As mentioned, the input to the step can be a DataReference to the blob folder.
You can use the default store or add your own store to the workspace.
Then add that as an input. Then when you get a handle to that folder in your train code, just iterate over the folder as you normally would. I wouldnt dynamically add steps for each file, I would just read all the files from your storage in a single step.
ds = ws.get_default_datastore()
blob_input_data = DataReference(
datastore=ds,
data_reference_name="data1",
path_on_datastore="folder1/")
step1 = PythonScriptStep(name="1step",
script_name="train.py",
compute_target=compute,
source_directory='./folder1/',
arguments=['--data-folder', blob_input_data],
runconfig=run_config,
inputs=[blob_input_data],
allow_reuse=False)
Then inside your train.py you access the path as
parser = argparse.ArgumentParser()
parser.add_argument('--data-folder', type=str, dest='data_folder', help='data folder')

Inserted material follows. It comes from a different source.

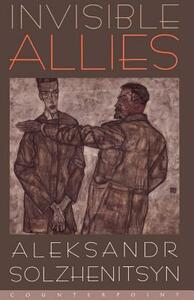 Invisible Allies by Aleksandr Solzhenitsyn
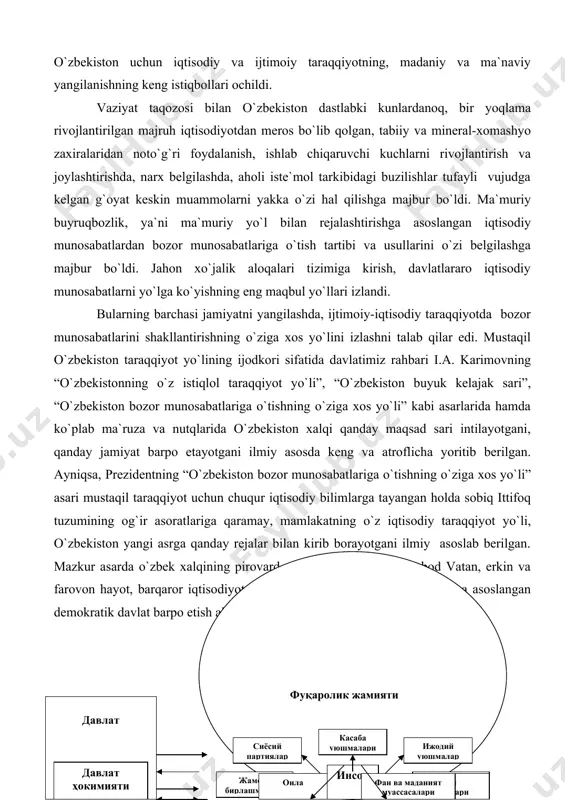 a xos yo`li” kabi asarlarida hamda ko`plab ma`ruza va nutqlarida o`zbekiston xalqi qanday maqsad sari intilayotgani, qanday jamiyat barpo etayotgani ilmiy asosda keng va atroflicha yoritib berilgan. ayniqsa, prezidentning “o`zbekiston bozor munosabatlariga o`tishning o`ziga xos yo`li” asari mustaqil taraqqiyot uchun chuqur iqtisodiy bilimlarga tayangan holda sobiq ittifoq tuzumining og`ir asoratlariga qaramay, mamlakatning o`z iqtisodiy taraqqiyot yo`li, o`zbekiston yangi asrga qanday rejalar bilan kirib borayotgani ilmiy asoslab berilgan. mazkur asarda o`zbek xalqining pirovard maqsadlari — ozod va obod vatan, erkin va farovon hayot, barqaror iqtisodiyotga asoslangan erkin fuqarolik jamiyatiga asoslangan demokratik davlat barpo etish alohida ta`kidlab o`tiladi. 2-chizma. fuqarolik jamiyatining tarkibiy tuzilishi binobarin, mustaqillikning dastlabki yillaridagi tub o`zgarishlar totalitar tuzumning barcha jabhalarida yangilanishlar va burilishlar yuz berishiga muhim turtki bo`ldi. mamlakatda amalga oshiriladigan iqtisodiy, siyosiy va madaniy-ma`rifiy islohotlar jamiyatning ijtimoiy hayotida birlamchi ahamiyat kasb etdi. shuni alohida e`tirof etish zarurki, mustaqil o`zbekiston taraqqiyot yo`lining ijodkori sifatida prezident i.a. karimovning jamiyatdagi yangi …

args = parser.parse_args()
print('Data folder is at:', args.data_folder)
Regarding benefits, it depends on how you are mounting. For example if you are dynamically mounting in code, then the credentials to mount need to be in your code, whereas a DataReference allows you to register credentials once, and we can use KeyVault to fetch them at runtime. Or, if you are statically making the mount on the machine, you are required to run on that machine all the time, whereas a DataReference can dynamically fetch the credentials from any AMLCompute, and will tear that mount down right after the job is over.
Finally, if you want to train on a regular interval, then its pretty easy to schedule it to run regularly. For example
pub_pipeline = pipeline_run1.publish_pipeline(name="Sample 1",description="Some desc", version="1", continue_on_step_failure=True)
recurrence = ScheduleRecurrence(frequency="Hour", interval=1)
schedule = Schedule.create(workspace=ws, name="Schedule for sample",
pipeline_id=pub_pipeline.id,
experiment_name='Schedule_Run_8',
recurrence=recurrence,
wait_for_provisioning=True,
description="Scheduled Run")